_Exercise goal_:
Look below for the line containing "Zero Emissions by 2050 badge" and the line containing "Stunning Flames In"; repeat exactly those two lines and all lines between them, and nothing else.

_Supplied material_:
━━━━

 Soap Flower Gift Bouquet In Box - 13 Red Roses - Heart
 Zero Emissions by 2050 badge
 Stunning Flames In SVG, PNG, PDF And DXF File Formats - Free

━━━━

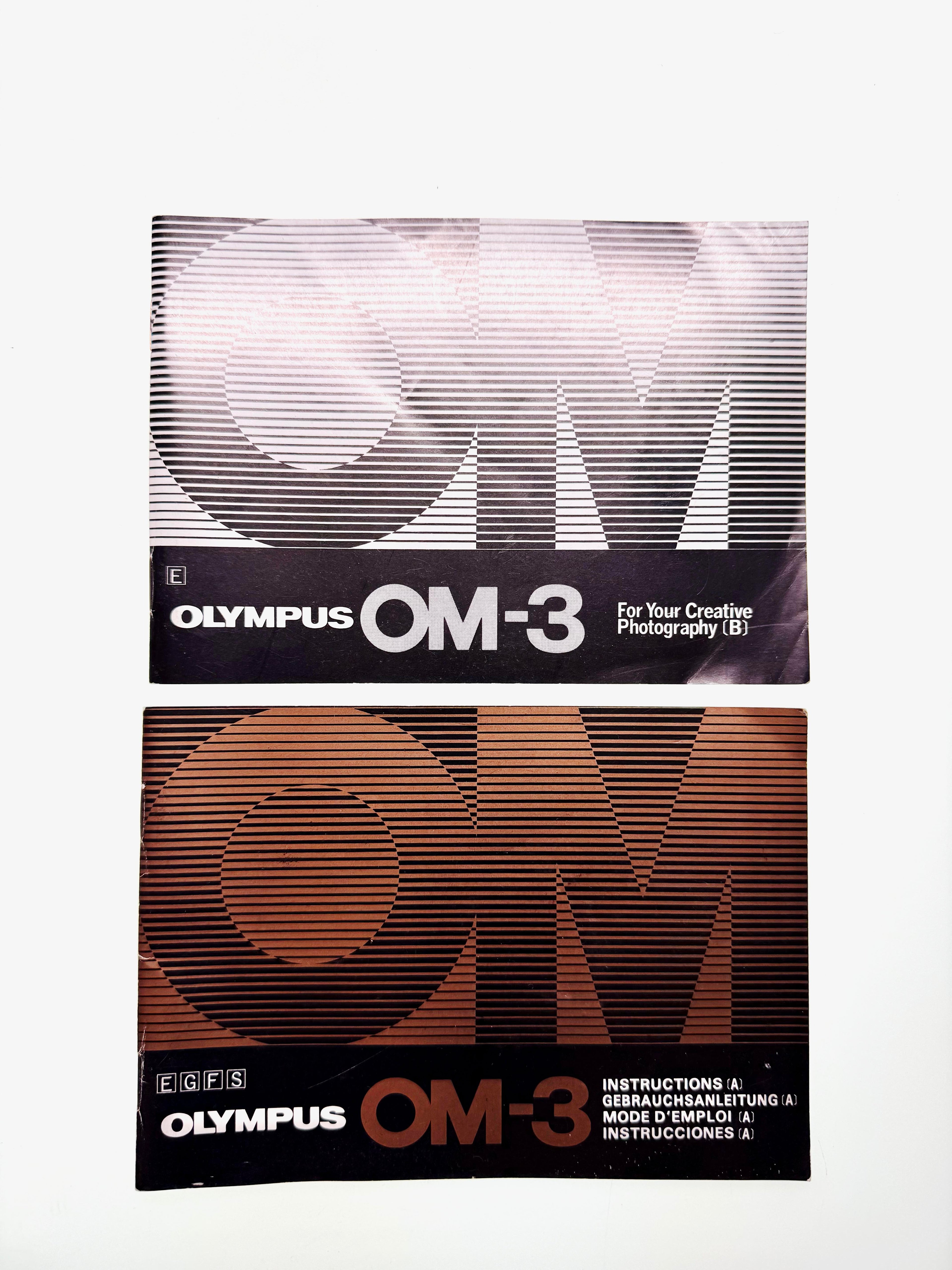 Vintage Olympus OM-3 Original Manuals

━━━━

_Response to this exercise_:
 Zero Emissions by 2050 badge
 Stunning Flames In SVG, PNG, PDF And DXF File Formats - Free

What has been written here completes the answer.